Belgium's snappers fear digital demise
30 July 2004, BRUSSELS - Professional photographers in Belgium have expressed concern that the boom in digital cameras could put them out of business.
30 July 2004
BRUSSELS - Professional photographers in Belgium have expressed concern that the boom in digital cameras could put them out of business.
As digital models become cheaper and produce even better quality pictures, some traditional photographers have even decided to shut up shop.
"The number of camera films being developed has dropped by 35 percent," said the president of the national association of professional photographers told the Friday edition of La Derniere Heure newspaper.
"Supermarkets have already made things harder but now it is becoming impossible," he said.
Other professionals have been less alarmist.
"The big players will always be successful because of their cheaper prices but craftsmen like me will survive because of our service," said Carlos Martinez, owner of Rush on the boulevard Adolphe Max in Brussels.

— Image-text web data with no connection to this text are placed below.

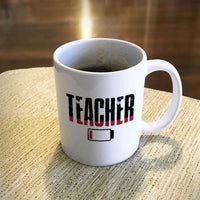 Load image into Gallery viewer, Designs by MyUtopia Shout Out:Teacher Battery White Coffee Mug,11oz / White,Ceramic Coffee Mug
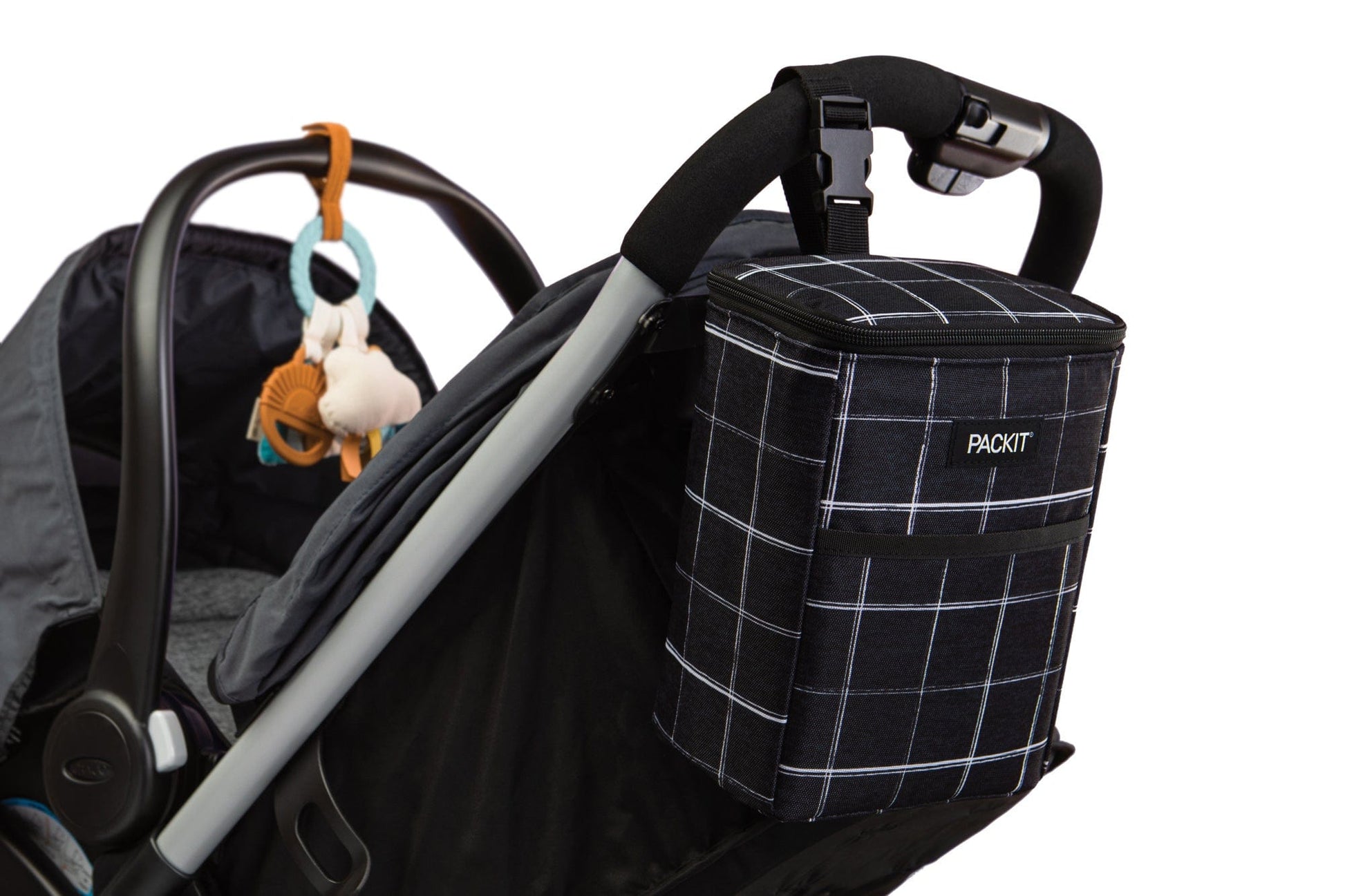 freezable-double-baby-bottle-bag-v1 freezable-double-baby-bottle-bag-black-grid-lifestyle-stroller.jpg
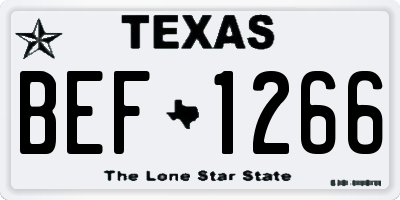 TX license plate BEF1266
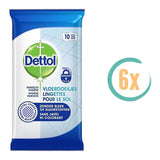 6x Dettol Vochtige Vloerdoekjes Zonder Bleek 10 doekjes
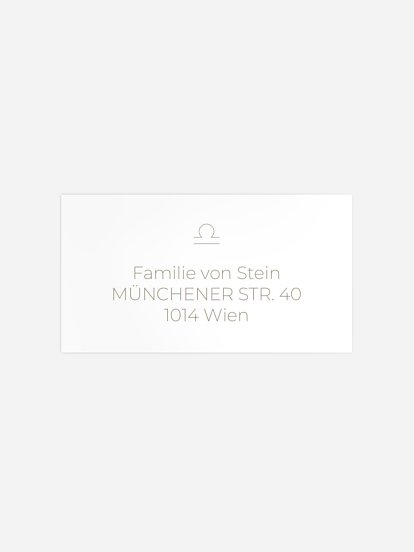 Empfängeraufkleber Geburt Sternzeichen Waage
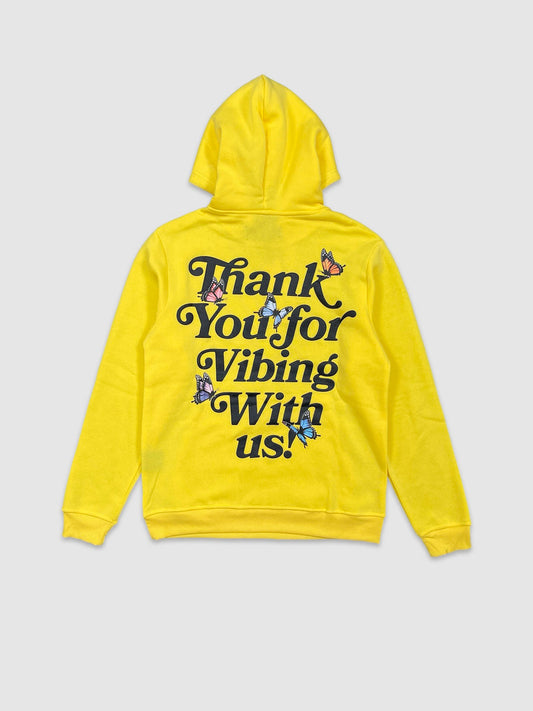 Mens Thank You Hoodie Yellow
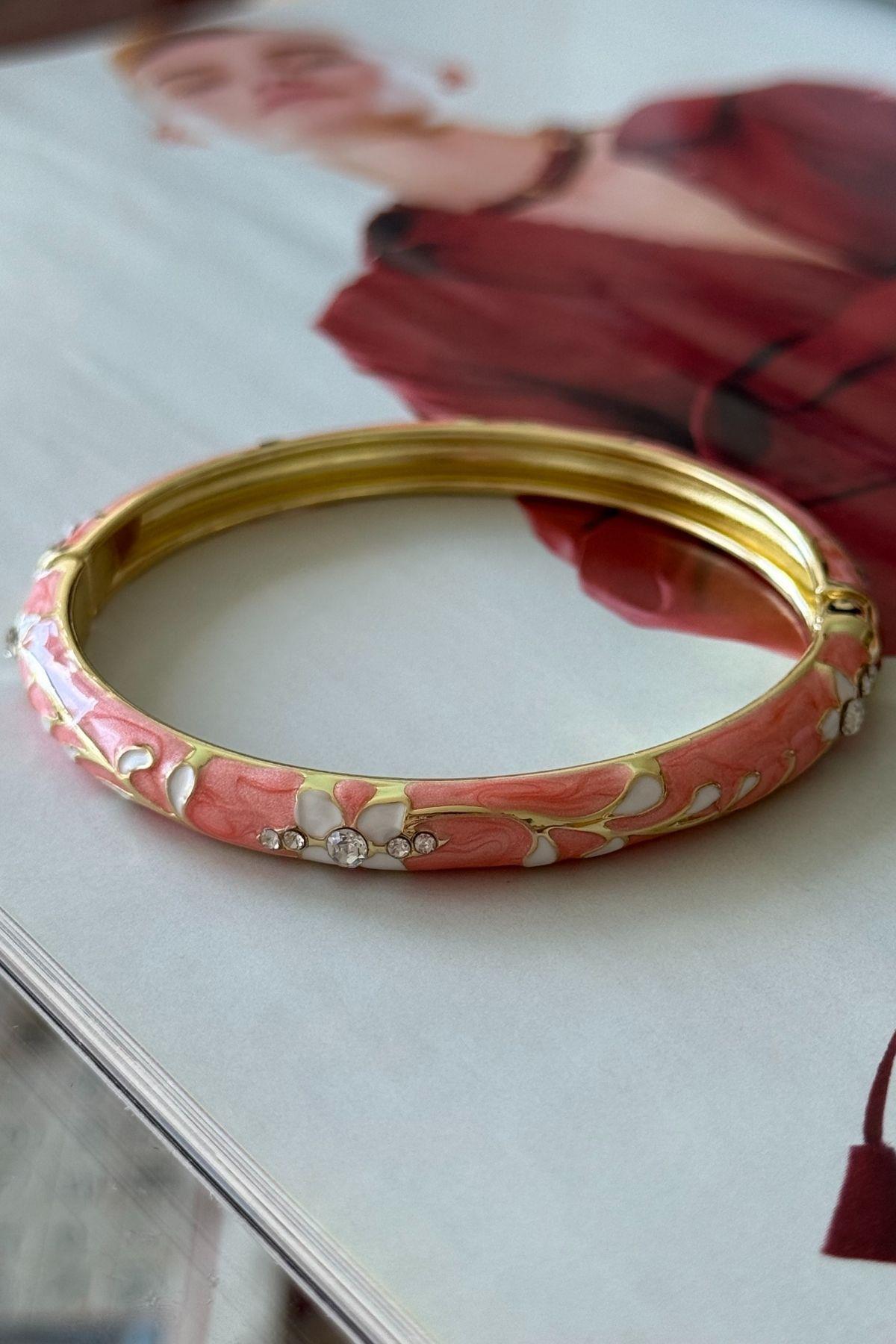 Çelik Mineli Şeftali Renkli Çiçek Kelepçe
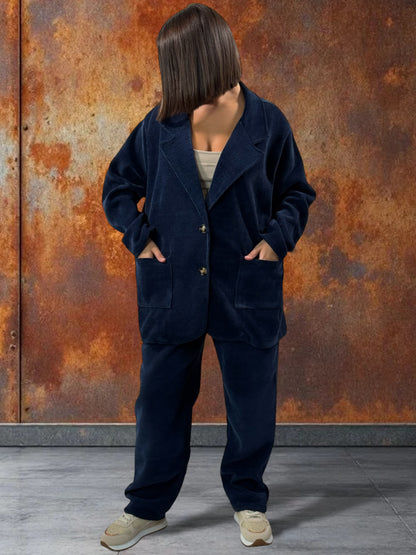 FLAVIE - VESTE MARINE EN VELOURS JUSQU'A LA TAILLE 52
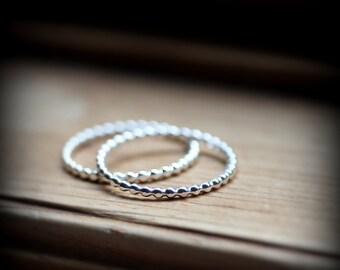Dotted rings duet - 2 recycled sterling silver rings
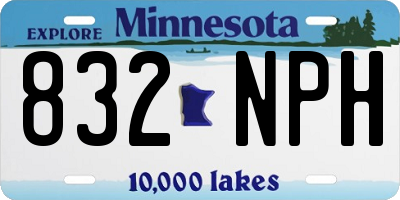 MN license plate 832NPH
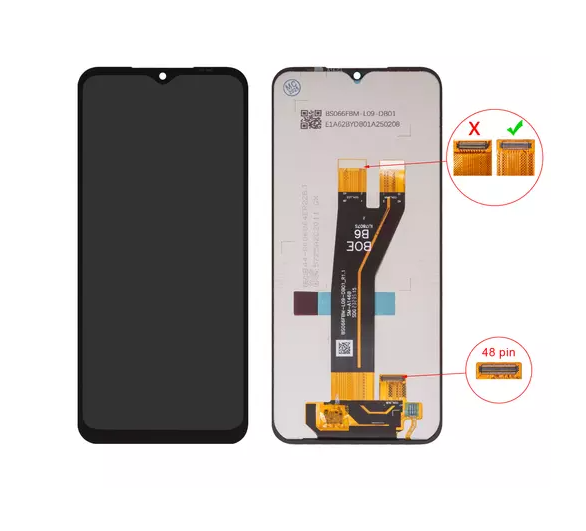 Дисплейний модуль для Samsung A146B Galaxy A14 5G, BS066FBM-L09-DB01_1.1, Service Pack, 48 pin,Black - 1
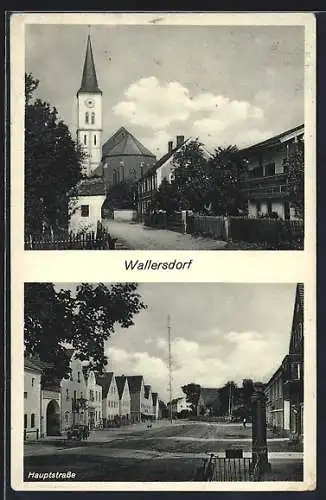 AK Wallersdorf / Ndb., Hauptstrasse und Kirche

"Every photo I develop, whether digitally assisted or from traditional film, is seen and corrected," he said.
However, Rush has little by little lost its professional customers.
Professional photographers used to account for 50 percent of the firm's business.
Now the figure is just ten percent.
The general public has remained faithful to the small business.
"At the moment 80 percent of my activity is devoted to classical film, which still has a good future ahead of it," said Martinez.
A further sign of the growth of digital photography can be found at chain store Media Markt, which has seen a 30 percent rise in sales since last year.
"We can expect to see a ten to twenty percent growth in sales over the next three years," said Guy Maes, the store's product manager.